Indian Lamb Koftas for Summer Feasting

It’s mid March and I keep mouthing the very words that you do. No, not “how on earth did I get here?” but the fascination that time does not stand still enough for one to enjoy that iced coffee without it starting to melt. So, you suck harder on that straw. And poof, two and a half months of the brand spanking new year have litearlly evaporated.

Please check in with me this time next year. I suspect this is a pattern repeated with equal measure regularity and surprise.

I find myself restless again. It’s a thing I battle with. I’m not sure if it’s specific to March, but it’s visiting me now. I’m busy, and I’m grateful for opportunities but I’m doing the deep breathing followed by languid sighing. A slight distraction and the extra effort is required to pull myself back into focus. It is particularly easy when I feel like this, to dip into daydream land and to ask those open, evocative (read: terrifying) questions about life and its meaning, about purpose and why afternoon teas are not more of a serious sport. It’s a wonderful time for creativity, if one had the time to indulge.

I’m back to being in the classroom during art class, staring out the open door, the one class during which I could tear my attention away from the words and formulas, and dream about countries unknown, people I’d never seen, food I’d never eaten, all the while moulding clay with my hands.

I live in my head.

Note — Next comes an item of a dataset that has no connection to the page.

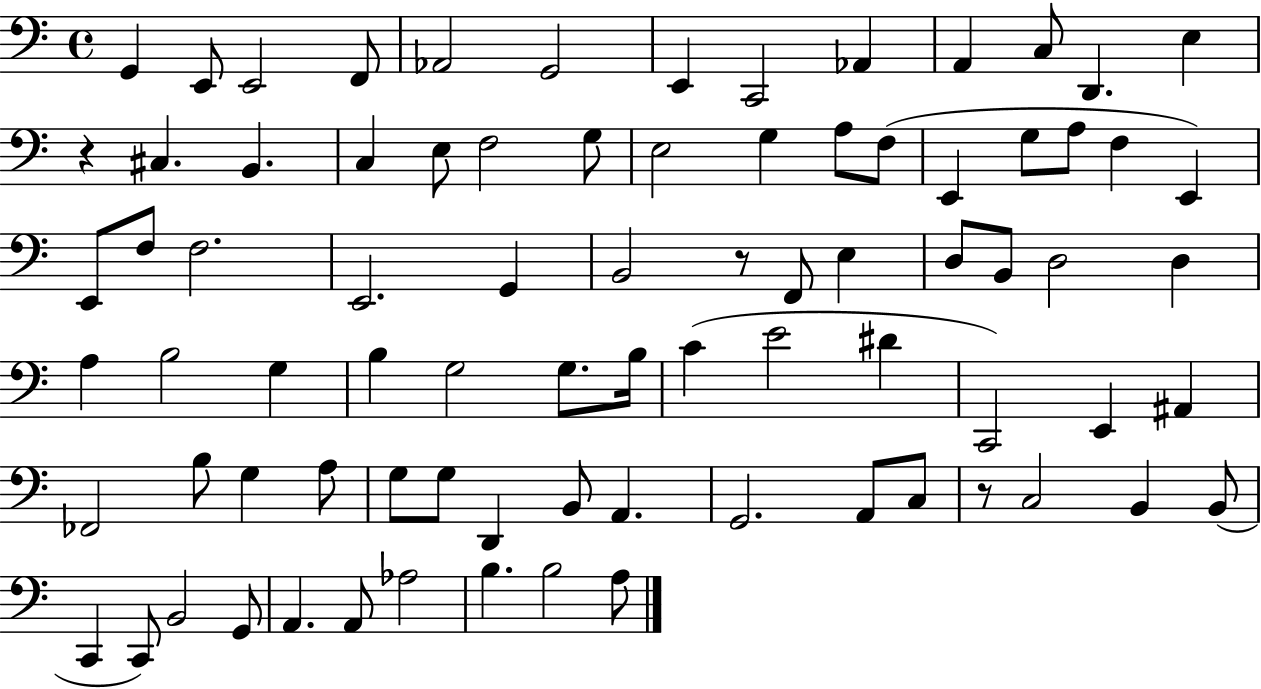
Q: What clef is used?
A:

I’ve had to accept and embrace it. It’s been the most challenging but internally rewarding aspects of my personality.

A dish that I could probably make whilst daydreaming, because it is so familiar are these Lamb Koftas (just not during the pan frying part). I originally prepared the recipe here: Mrs Reddy’s Spicy Lamb Meatballs. In essence kofta translates to meatball, though the shape varies throughout the Middle East and South East Asia.

Mediterranean Delicacies approached me to craft a range of recipes to showcase some of their products. I have been buying their products for a long time, and they fit in well with the style of foods I enjoy preparing. We decided to inject a little spice to things, and I made these koftas using really beautiful lamb mince from Frankie Fenner Meat Merchants and I toasted cumin seeds, coriander seeds, curry leaves and a few cardamom pods. Once finely ground in a spice grinder, I added them to the mince. It’s not essential to add them to the mix, as originally this was intended as a quick recipe, but it adds glorious fragrance and  flavour.


500 g lamb mince
1 small onion, finely diced and fried till translucent
handful coriander leaves, chopped finely
1-2 large red chill chopped finely
1 tsp red chilli flakes (optional)
1 t ground cumin
1 t ground coriander powder
4 T dried breadcrumbs
1 large free range egg

salt, to taste


Spray n Cook/ grease a large baking sheet.
Mix all the ingredients together using a fork or your hands in a large bowl.
Roll into medium sized balls.
Pre-heat the oven to 180 degrees Celsius on lower rack but not lowest.
In a pan on the stove with a tablespoon on vegetable oil, fry koftas to brown and seal on high heat. A minute should be sufficient.
Bake koftas on the baking tray for 8 minutes till done to your liking.
Serve with Mediterranean Delicacies tzatziki and coriander and lime pesto (made using Mediterranean Delicacies pine nuts and olive oil)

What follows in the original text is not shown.